Ariel's Crossing - Bradford Morrow [99]
Jessica telephoned Brice to say goodnight and soon fell asleep not in her bed but Ariel’s. Her last image of the day was neither of daughter nor husband but rather of a young man she’d known back in the sixties who’d been terribly sure of himself. A man with long fluent hands, beautiful in his pleasures as well as his anger, eloquent in his lovemaking and in his words, softly telling her that he and she had been more than intimate that summer night in June.
—You’re going to have a child now.
She could hear his voice all these years later.
—I don’t get pregnant, she’d whispered back.
—Wait and see.
Long time ago. All the more incomprehensible that Kip would not believe his own prophecy. Would become so different and damaged a Kip that the falsehoods he concocted about Brice and Jessica were more real to him than his own true knowledge.

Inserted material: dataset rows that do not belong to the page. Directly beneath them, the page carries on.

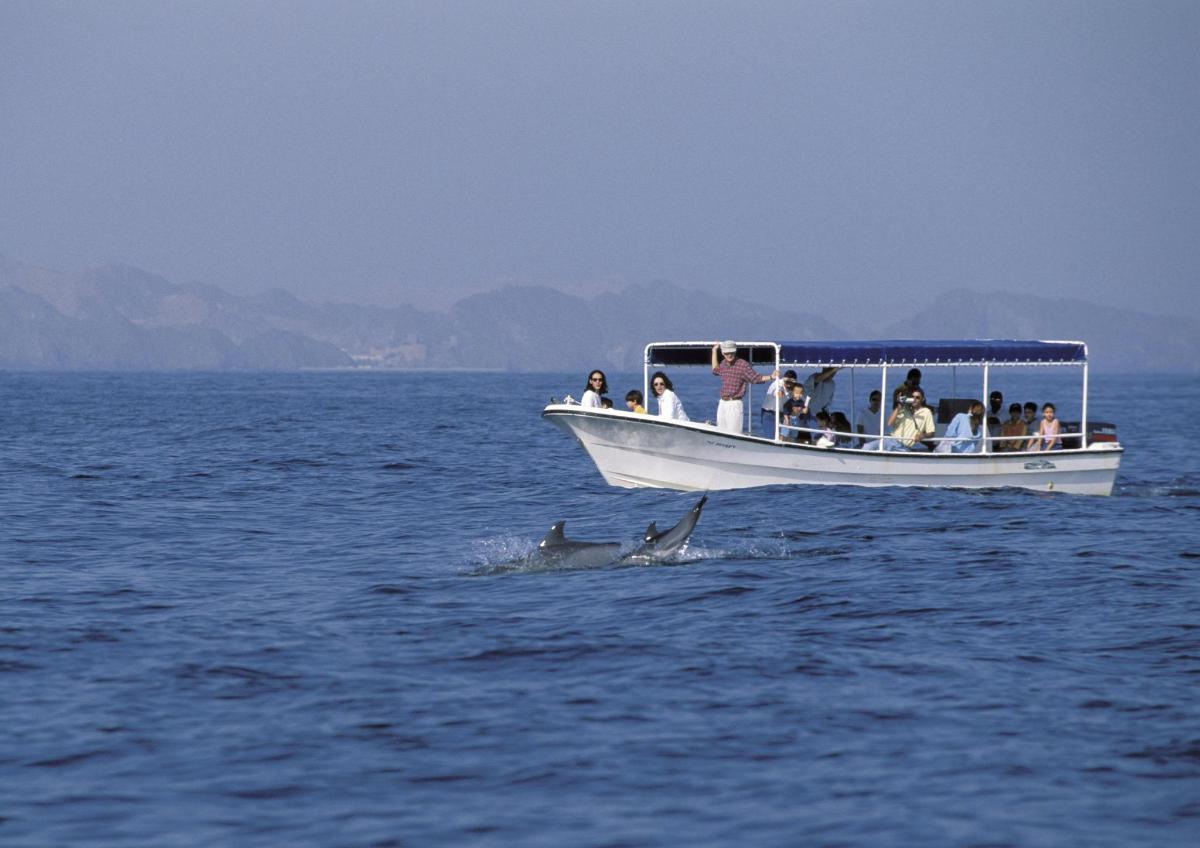 a group of people on a boat in the water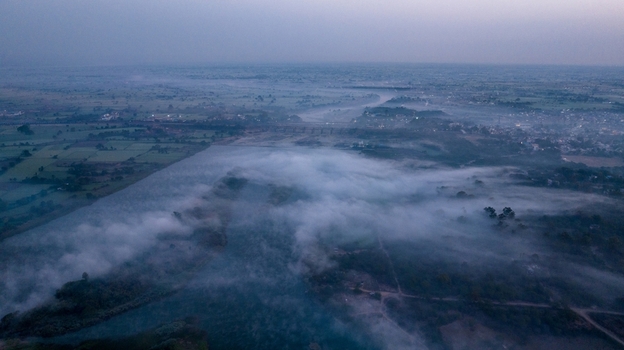Aerial view of the Chambal River flowing through the misty landscape with lush green fields and rural terrain under soft morning light in Nagda Madhya Pradesh India. Aerial view of the Chambal River flowing through the misty landscape with lush green fields and rural terrain under soft morning light in Nagda Madhya Pradesh India.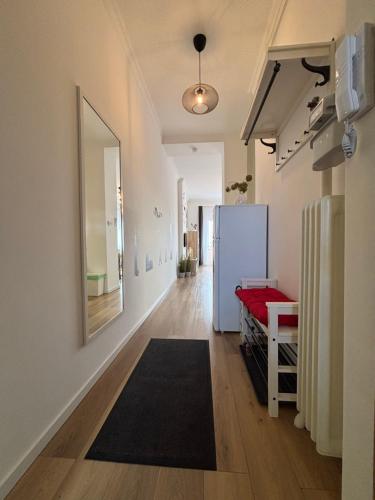 a hallway with a refrigerator in a room at Art-déco in Pécs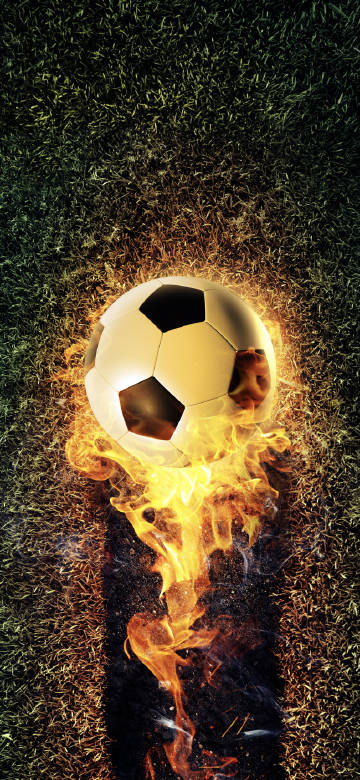 Football with flames on the grass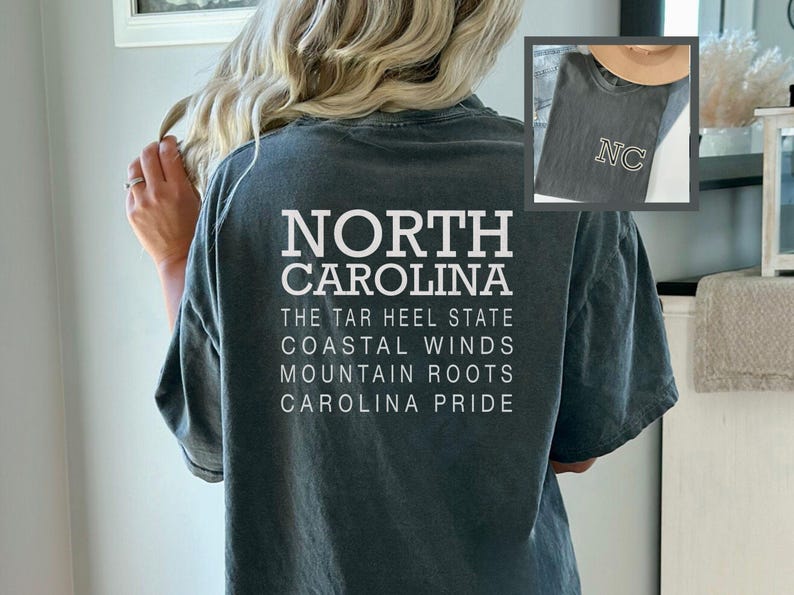 May include: A dark teal t-shirt with the words "NORTH CAROLINA" in large white block letters. Below, smaller text reads "THE TAR HEEL STATE, COASTAL WINDS, MOUNTAIN ROOTS, CAROLINA PRIDE." An inset shows a similar shirt with "NC" on it.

During his third tour in Laos, by then having abandoned America altogether, Kip told Wagner about his possible clairvoyance that one time, and Wagner said, —Everybody knows when they’ve made more than love. I remember being conceived.
—Get out of here, Kip smirked.
—You get out. Everybody remembers the moment of conception.
Kip was sitting not quite out of the rain. The Laotian morning was young. A few nodding Hmong, some Kmhmu guerrillas, and a couple specters in from Vientiane smoking expensive Camels, sat listening in a leaking thatched hootch by the muddy runway at Long Tieng.
—Let me try it from the opposite angle, Kippy. Do you think that when you die you’ll experience that moment of transition in all its glory or inglory, pain or magnificence?
Kip didn’t feel like being an amicable bodhisattva so didn’t reply.
Wagner looked around at the others gathered among his miserable audience. —Well? What do you say? You there.
A Hmong nodded.
—He agrees with me.
—He doesn’t understand you, said Kip.
—You’re wrong. He understands me better than you do.
Kip shrugged. —That’s not saying much.
—Wrong again, I think. Do you understand my question?
The Hmong nodded again, quietly.
—I think his answer is yes. Do you believe you’ll comprehend the moment of your death?
—Yeah, the man answered.
Wagner paused, then glanced at the CIA cats. —And do you remember the moment you were conceived?
They looked at one another and dragged on their cigarettes.
—What about you? to the Hmong.
The Hmong again nodded.
—I’m telling you he doesn’t understand you, Wagner.
—He does, and I think you do, too.
Jess remembered Kip’s writing her about that episode. Ariel had already been born and had forgotten, in Jessica’s estimation, the moment of her conception, if she ever perceived it in the first place. However, Kip hadn’t been long deterred by his initial doubts. By the time he penned his letter, which he sent through a friend down in Thailand toward the end of everything, months before the People’s Army declared victory and not all that long before he and Wagner went far beyond bamboo, giving up everything to live with the Lao along the Mekong’s lackadaisical waters, Kip had come around to believing in Wagner’s doctrine of instant consciousness.
She never mentioned the letter to Brice. Things had been tough enough without the inevitable commentary Kip’s absurd ideas would have provoked. War is madness, Brice would say. Kip is war. War is madness.